Mining the Museum 1992
"Mining the Museum: An Installation by Fred Wilson" was organized by the then siteless art organization The Contemporary and sited at the Maryland Historical Society, Baltimore, MD. Wilson carefully researched the holdings of the museum and developed a presentation from the collection to reveal the potent social/cultural histories attached to them.

"At the museum's invitation, he sifted through three centuries' worth of artifacts, from paintings to potholders, and assembled a show. This is, of course, standard curatorial procedure, putting objects together to tell a story. And because museums tend to be conservative places, the stories are frequently soft and predictable, telling us things we basically already know and like to hear. Mr. Wilson, however, chose unusual, often unpretty things, and made them even more unusual by the way he combined them. The results were, in their undemonstrative way, eye-opening.
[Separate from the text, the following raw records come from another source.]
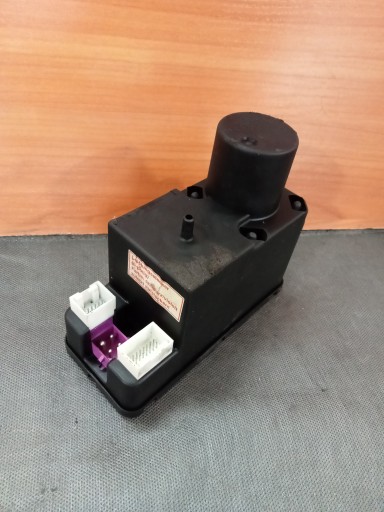 Насос центрального замка audi a4 b5 a8 s8 d2 4a0862257j оригинал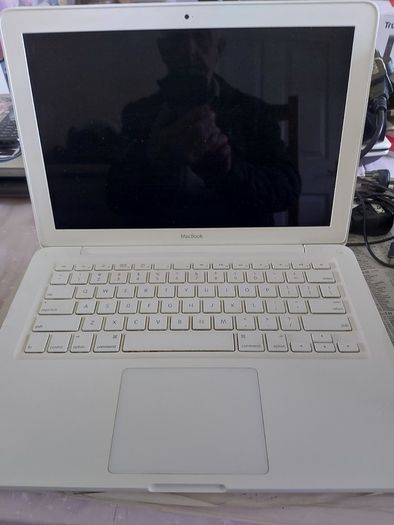 Vintage Apple MacBOOK, account password locked, in excellent cosmetic condition, excellent Battery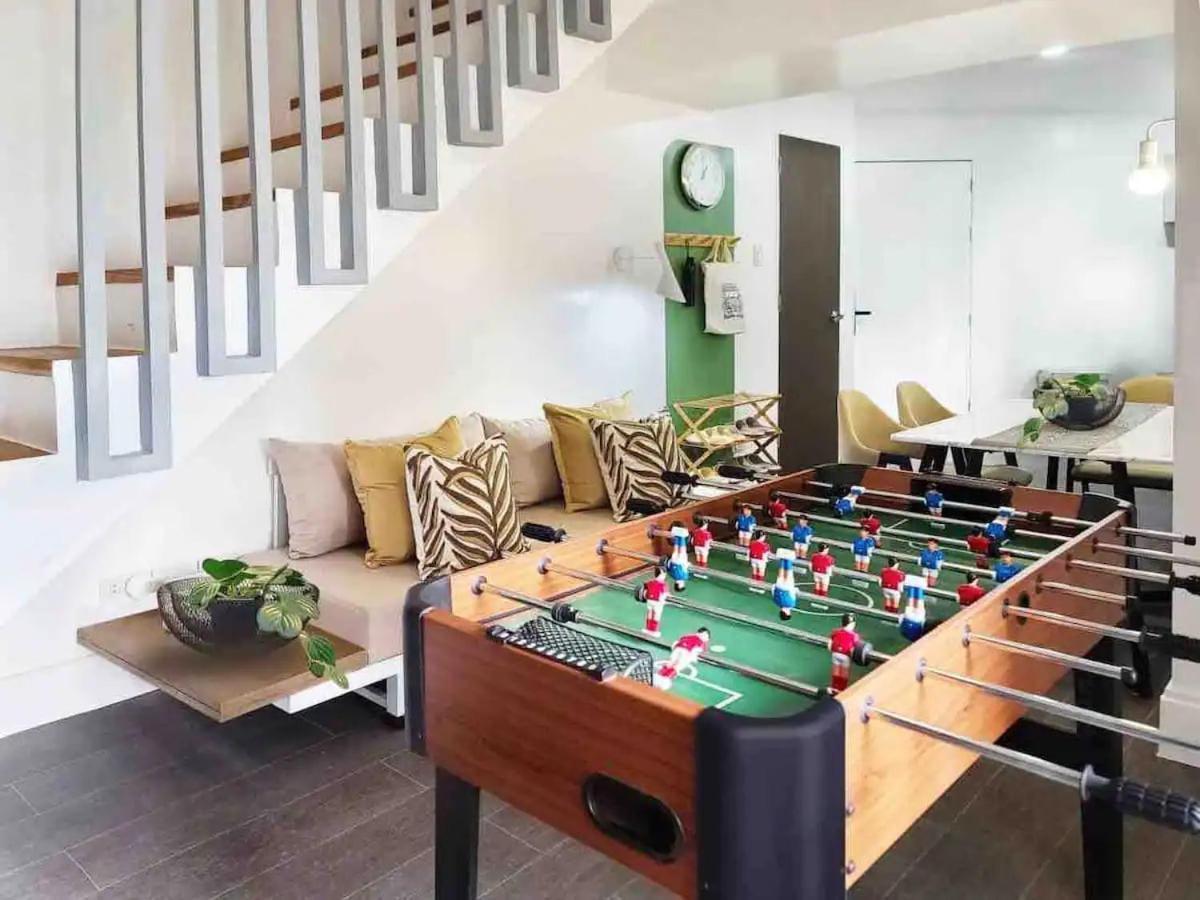 Apartment Bgc - Two Bedroom With Game With 400mbps Wifi- 09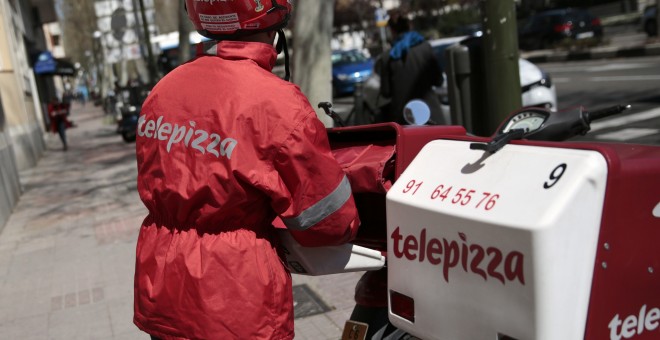 Un repartidor de Telepizza, en una tienda en Madrid. REUTERS/Andrea Comas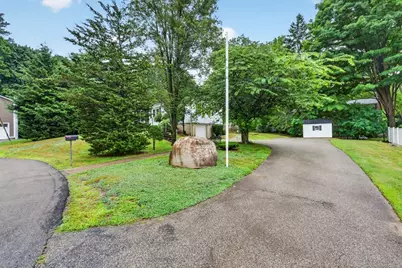 25 Gray Ter, Bedford, MA 01730 - Photo 4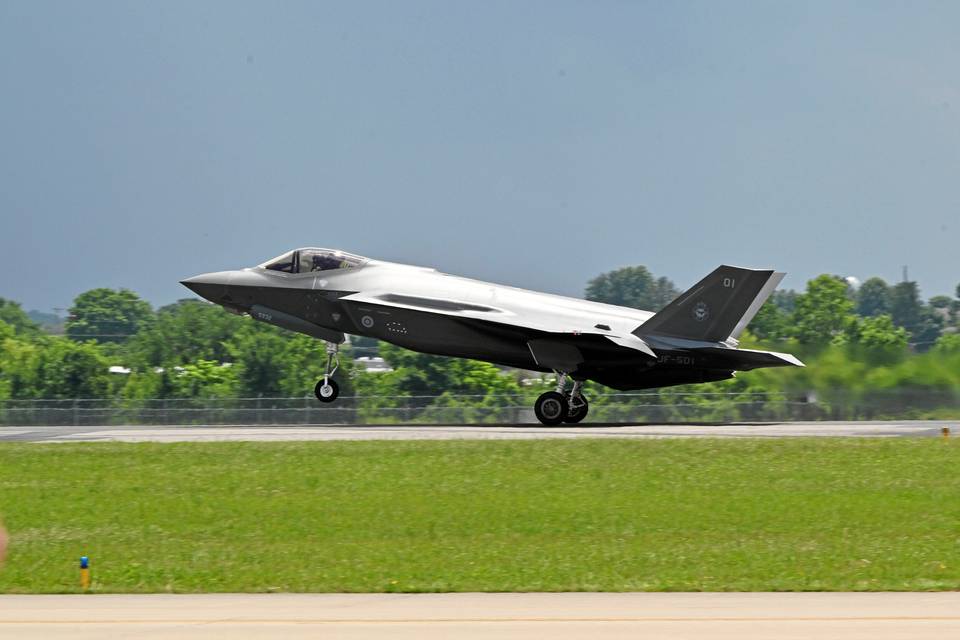 Lentoposti: Ilmavoimien ensimmäiset F-35-hävittäjät ovat matkalla Suomeen – bongattiin Portugalin Azoreilla 1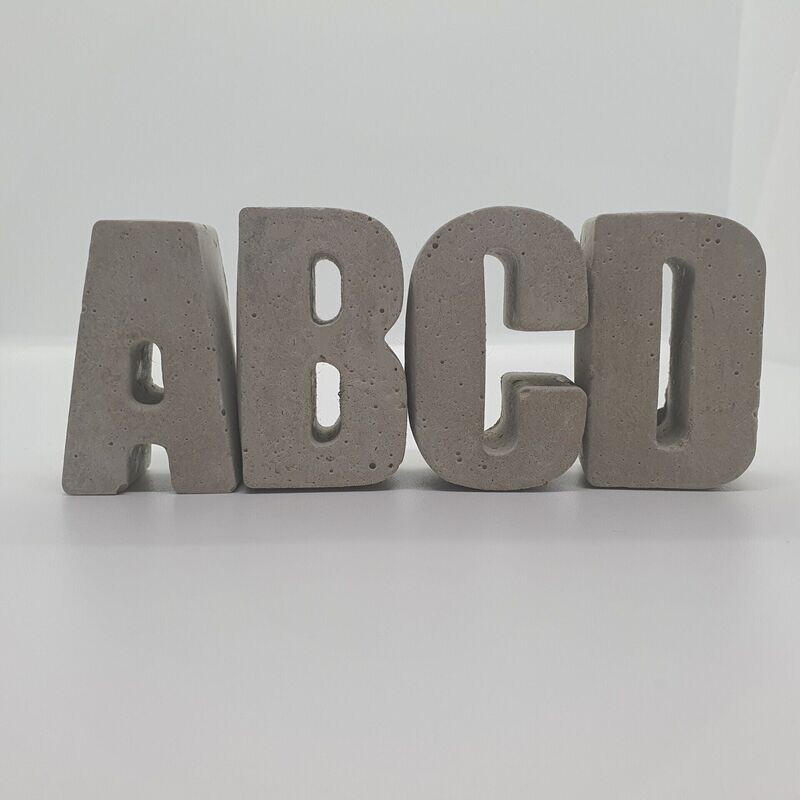 Beton Buchstaben aus Beton A-Z induvidueller Schriftzug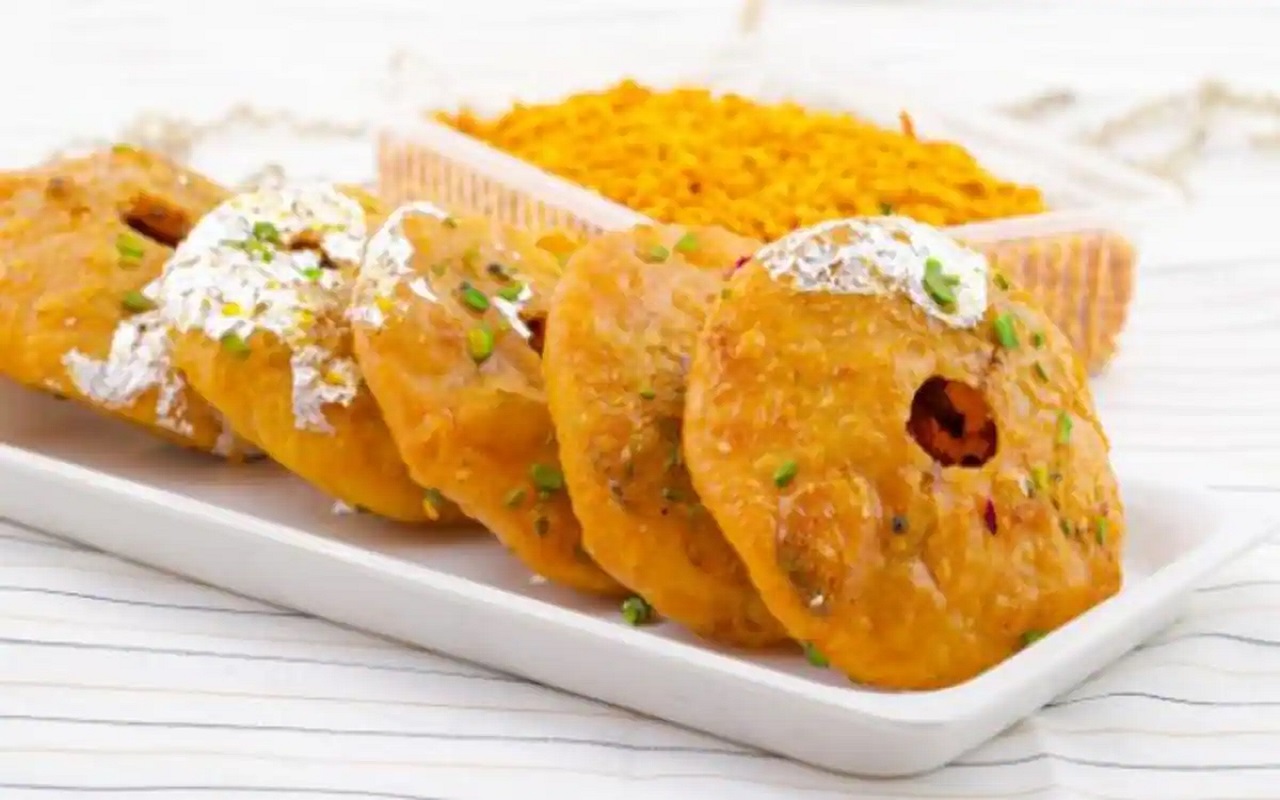 Recipe Tips: You can also make Mawa Kachori at home, you will enjoy eating it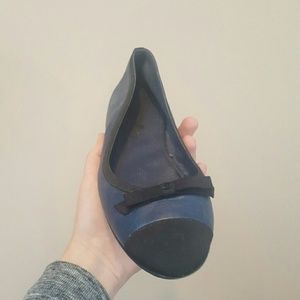 CHANEL womens shoes size 40 BALLET FLATS CAP TOE CHANEL womens shoes size 40 BALLET FLATS CAP TOE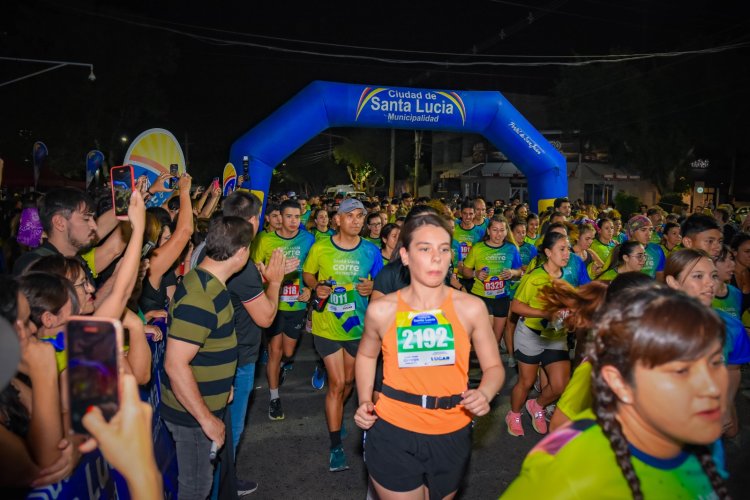 Santa Lucía celebró su 155° aniversario con una multitudinaria carrera nocturna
"In one vitrine, labeled "Metalwork 1793-1880," he placed ornate silver goblets and pitchers and iron slave shackles side by side. Elsewhere, he tucked a vintage Ku Klux Klan mask into an antique baby buggy. And in an installation titled "Cabinetmaking 1820-1960" - reconstituted at the Studio Museum - he had four fancy parlor chairs attentively facing a cruciform wooden whipping post once used at a Maryland jail.

"'Mining the Museum' was far from the first show to engage critically, even subversively, with an institutional context. Hans Haacke had been doing such work for years, and the Center for African Art's 1988 exhibition "Art/artifact" offered a model from which Mr. Wilson might have learned much. But the Baltimore project, which focused on excavating and recovering a specific history, American racial history, from a specific range of existing materials, brought a bracing, investigatory spirit to contemporary art. Soon other artists started digging away.